Suka Banget Berlaku Agresif Bag3

Sedapat mungkin berikan dorongan agar ia tak patah semangat menyampaikan keinginannya. Jangan lupa memformulasikan kembali apa yang Mama tangkap dari maksud si kecil. Contoh, dengan mengatakan, “Oh, Tomi sebenarnya mau pinjammainan Kakak, tapi Kakak tidak dengar, ya?” Dengan demikian, Mama sekaligus mengajarkan cara yang benar untuk mendapatkan perhatian.

Baca juga : Beasiswa s2 Jerman

Bisa juga mencontohkan perilaku lain yang lebih menyenangkan untuk meminta perhatian. Misal, dengan memanggil atau menepuk tangan orang yang bersangkutan. “Menepuknya pelan-pelan saja, ya, supaya Kakak tidak merasa sakit.

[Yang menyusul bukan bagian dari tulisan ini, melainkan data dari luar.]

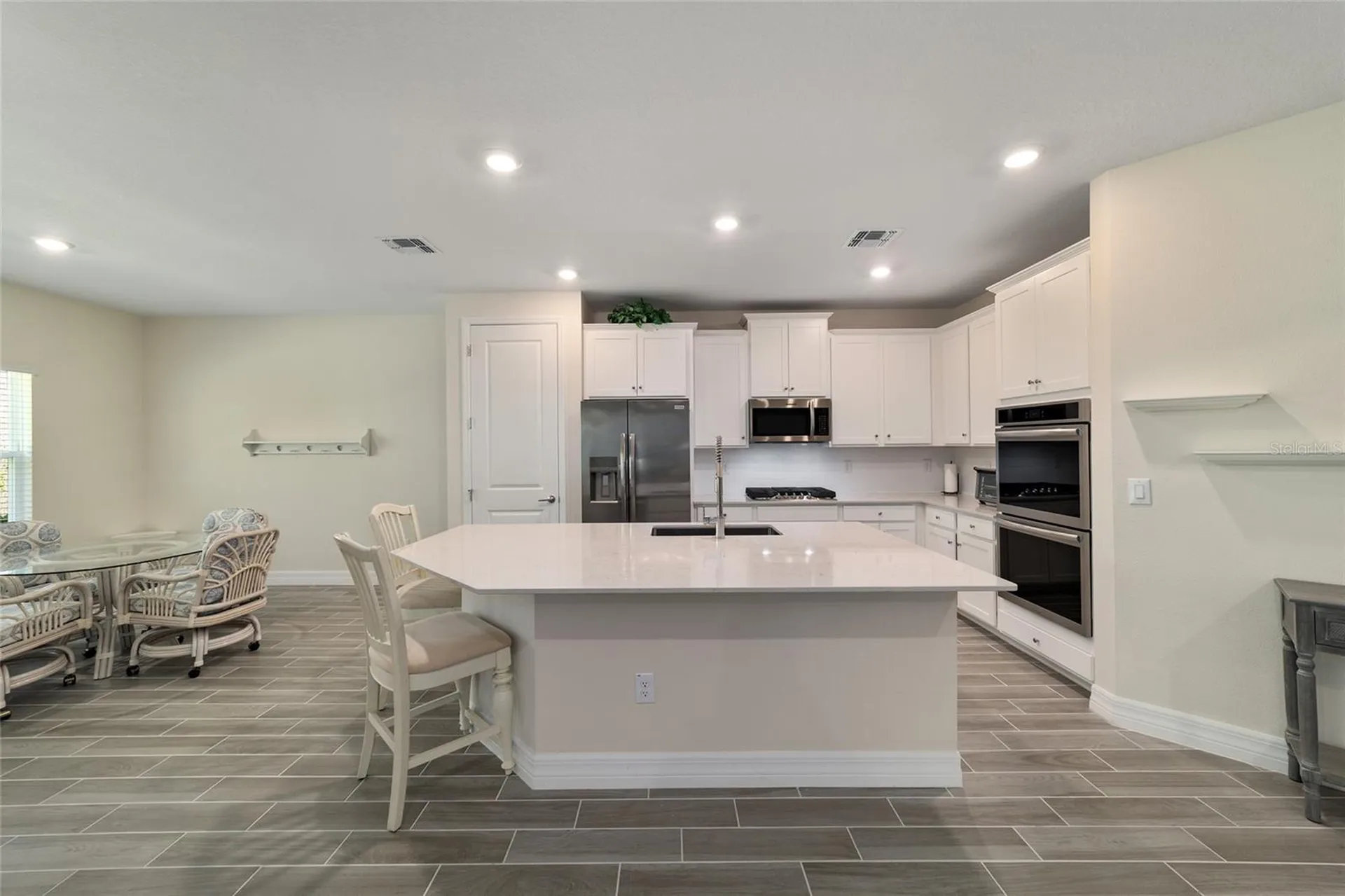 1129 SE 42nd Road Ocala FL 34480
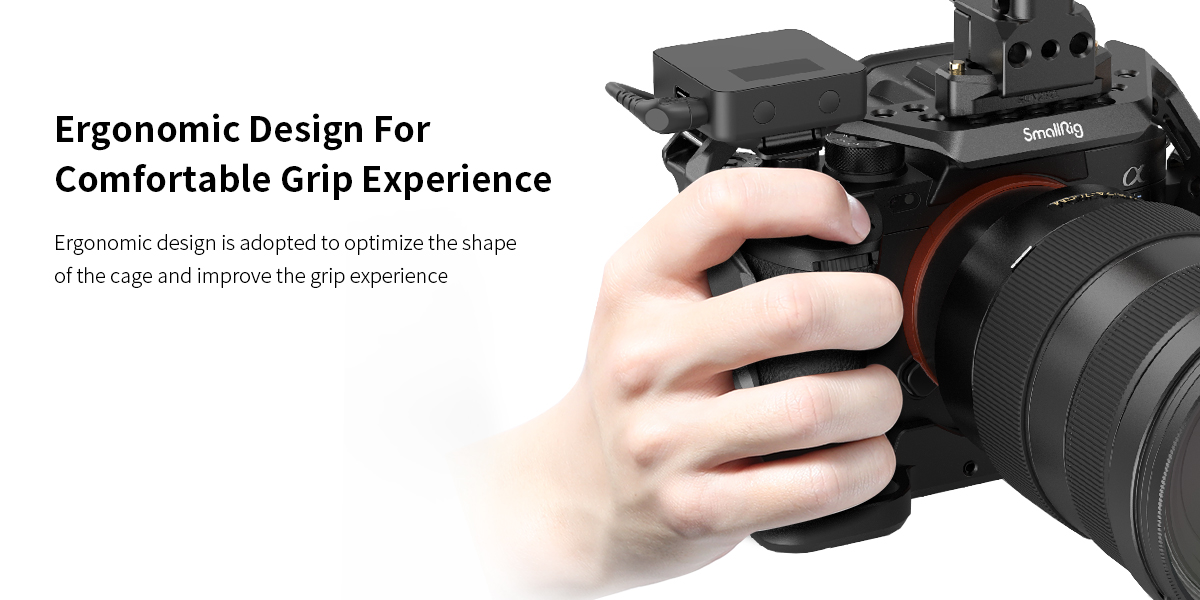 smallrig-form-fitting-cage-for-sony-alpha-7s-iii-camera-05.jpg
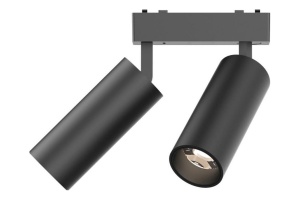 Светильник на штанге Aployt Magnetic track 48 APL.0113.00.18 - 2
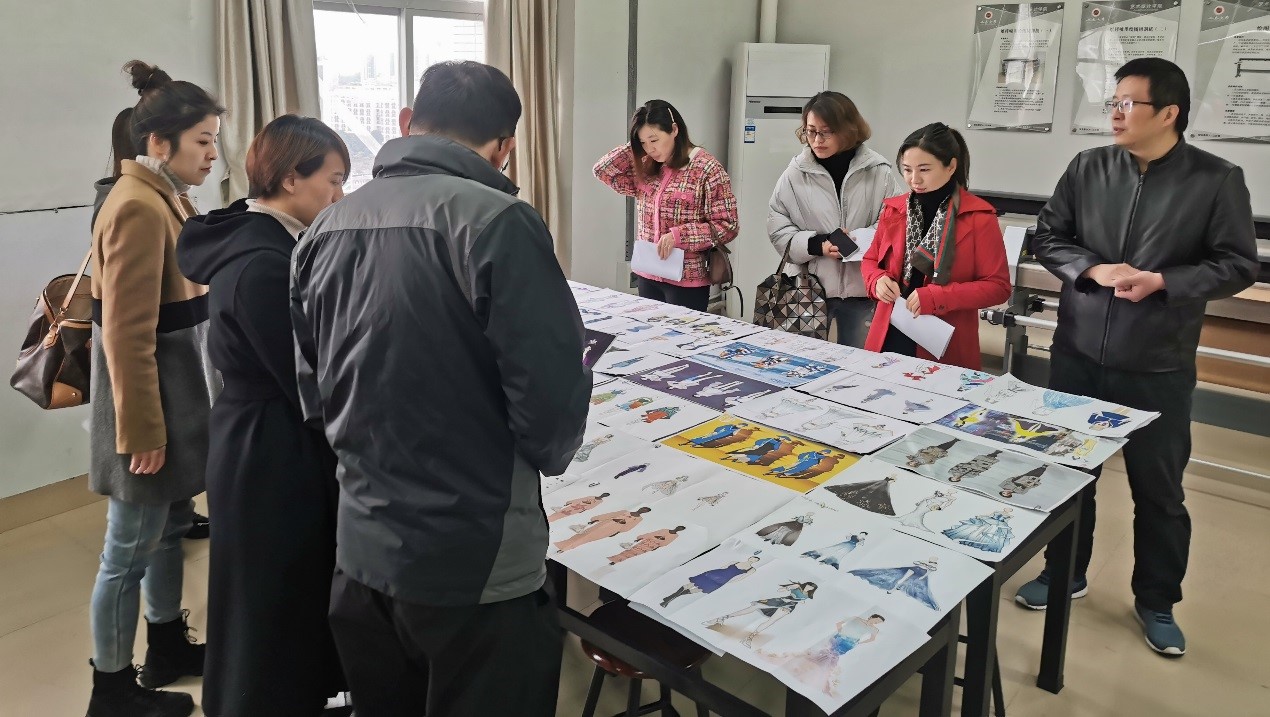 2971DCB917F72FC8F470150EB0C_518B4843_381F3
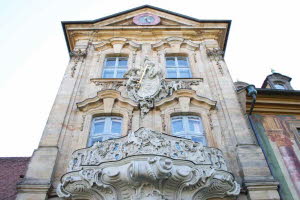 Bamberg 2010_054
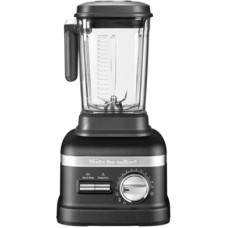 Блендер KitchenAid 5KSB8270EBK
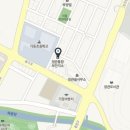 정관보건지소 이미지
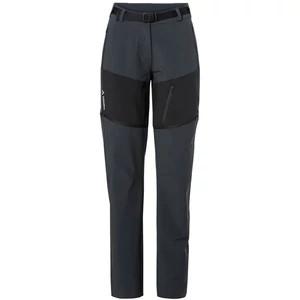 Vaude Elope ZO W's Pants női túranadrág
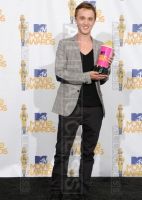 tom_mtv_284029.jpg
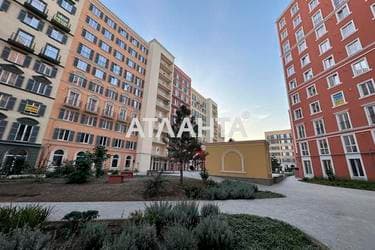 1-кімнатна квартира за адресою вул. Інглезі (площа 35 м²) - Atlanta.ua - фото 19
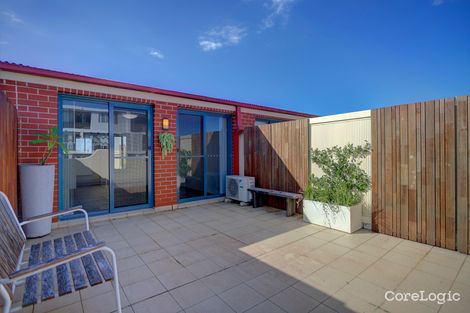 Property photo of 25/755 New Canterbury Road Dulwich Hill NSW 2203
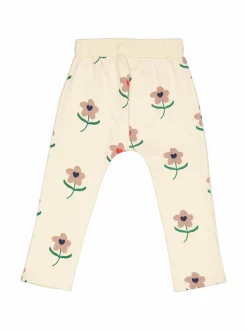 TNSTNetty-collegehousut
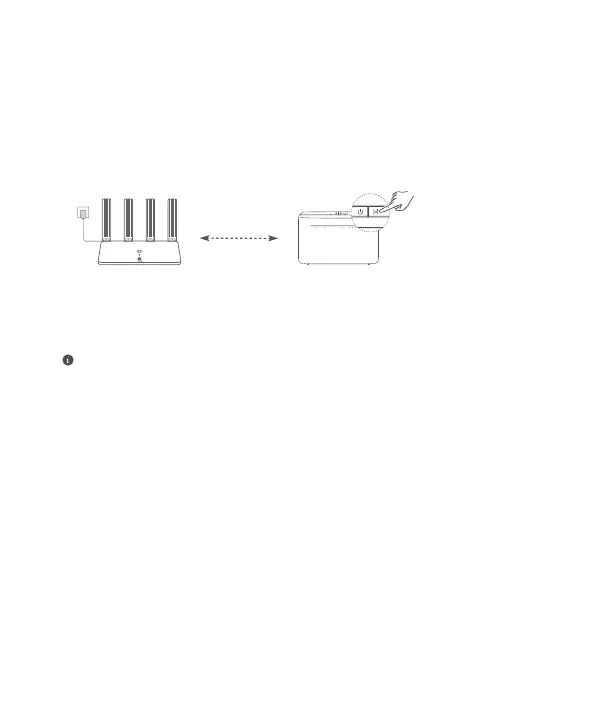 Page #199 background image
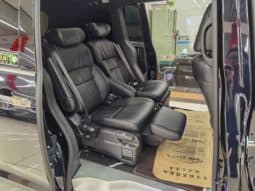 
										Honda Odyssey, 2023 full									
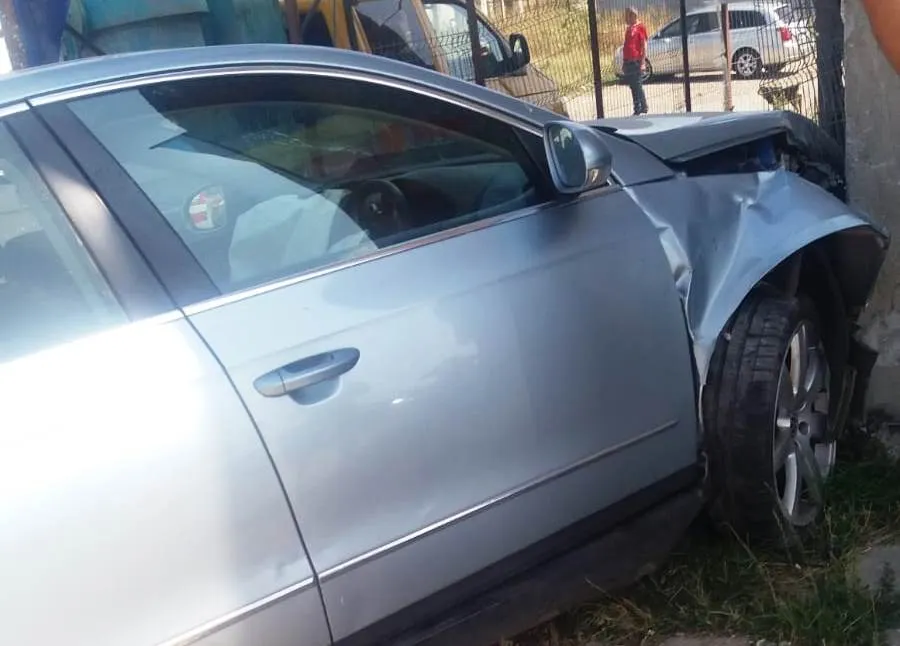 accident - Copy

Begini caranya menepuk pelan-pelan…” PERILAKU YANG DIHARAPKAN Orangtua juga disarankan secara rutin mempelajari pemicu munculnya perilaku agresif si kecil. “Bila perlu, tuliskanlah dalam jurnal kecil,” ujar Nuri.

Melalui jurnal tersebut, kita juga dapat merencanakan kalimat-kalimat dan tindakan yang akan disampaikan kepada si kecil, apabila ia menunjukkan perilaku agresif tertentu. Cara ini membuat kita akan lebih tenang dan terkendali saat menghadapinya. Untuk mendorong buah hati melakukan perilaku yang diharapkan, ajak ia melakukan berbagai hal yang mendukung perilaku tersebut.

Memeluk boneka atau memberi makan kucing, umpama. Pada prinsipnya, kita perlu mendekatkan anak dengan perilaku yang diharapkan dan menjauhkan anak dari perilaku yang tidak diharapkan. Jauhkan si kecil dari tontonan yang mengandung muatan kekerasan, baik itu kekerasan fisik maupun verbal. Jika ia terlihat memerhatikan perilaku seperti itu, segeralah memberi pengertian kepadanya bahwa melakukan kekerasan kepada orang lain di sekitarnya merupakan adalah perilaku yang tidak baik. Cara lain, menurut Nuri, adalah dengan membuat program pengendalian diri yang pada dasarnya memberikan alternatif pengalihan energi. “Ketika kita melihat batita hendak memukul atau memandang, segera alihkan aktivitasnya dengan mengajaknya bermain yang bersifat fisik.

Seperti, bermain kejarkejaran, loncat batal, petak umpet, dan sebagainya,” ujar Nuri. Dengan latihan-latihan ini, diharapkan batita dapat mengurangi perilaku agresifnya. Lalu, jika ia sudah berhasil mendapatkan keinginannya tanpa perilaku agresif, jangan lupa memberikan pujian, ya. Bisa juga berbentuk hadiah sederhana, seperti stiker lucu atau aksesori menarik. Namun jika kita merasa perilaku agresif si kecil sudah di luar batas kewajaran, tak ada salahnya berkonsultasi langsung dengan ahli tumbuh kembang anak.